TASK STATEMENT: Set down exactly the lines below between the line holding "Metallic India Bansuri" and the line holding "Top Super Valuable Promotions at JILI777", inclusive; no other line belongs in the answer.

EXERCISE INPUTS:
*-*-*

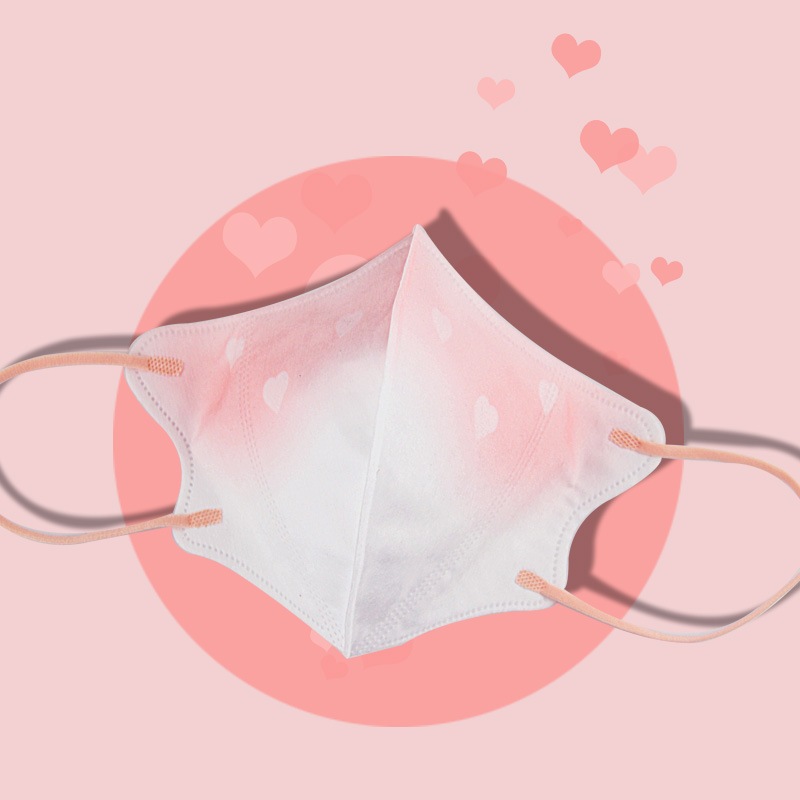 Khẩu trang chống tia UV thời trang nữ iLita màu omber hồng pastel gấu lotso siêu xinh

*-*-*

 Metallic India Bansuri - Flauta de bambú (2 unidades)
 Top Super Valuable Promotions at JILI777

*-*-*

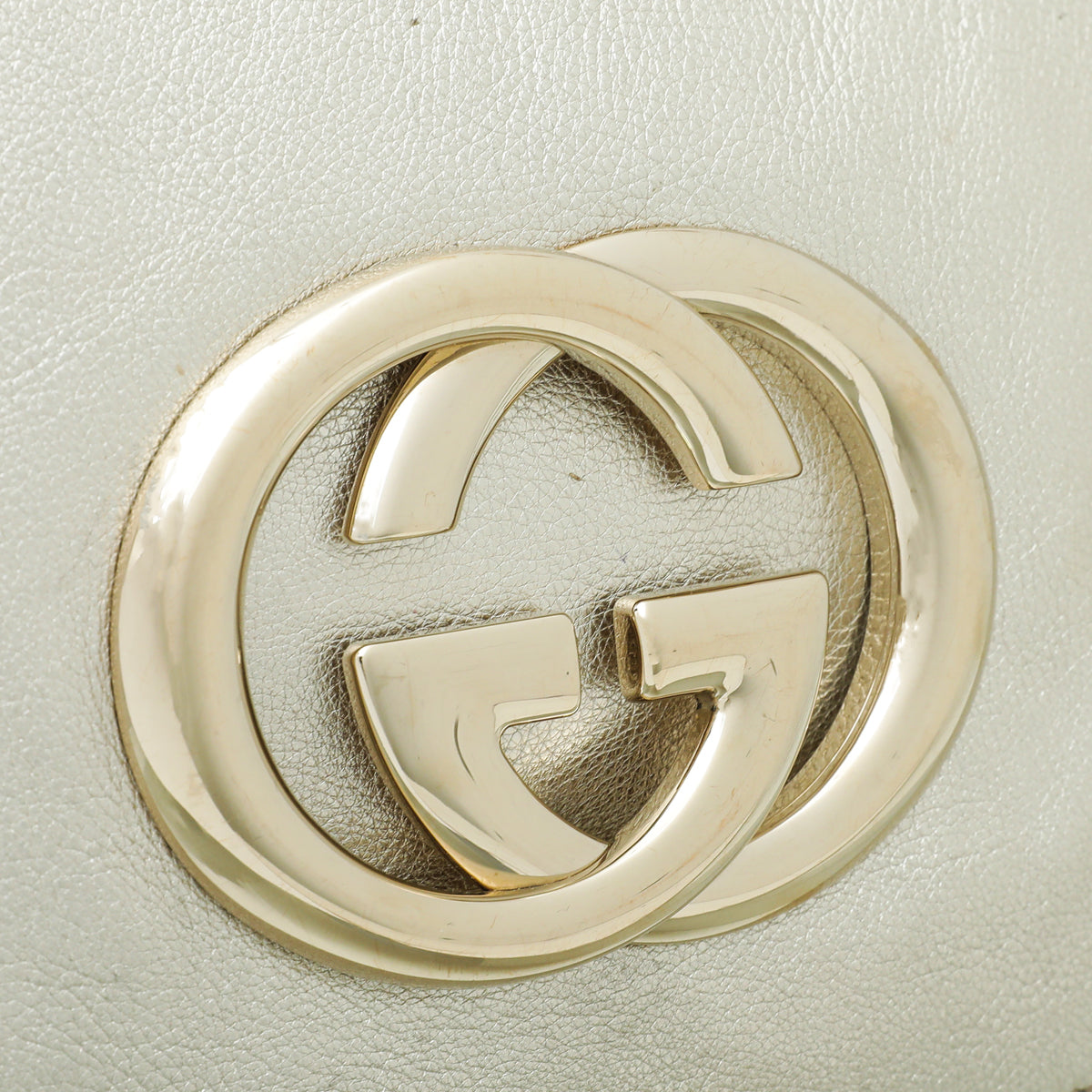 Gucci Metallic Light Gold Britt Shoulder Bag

*-*-*

REPLY TO THE TASK:
 Metallic India Bansuri - Flauta de bambú (2 unidades)
 Top Super Valuable Promotions at JILI777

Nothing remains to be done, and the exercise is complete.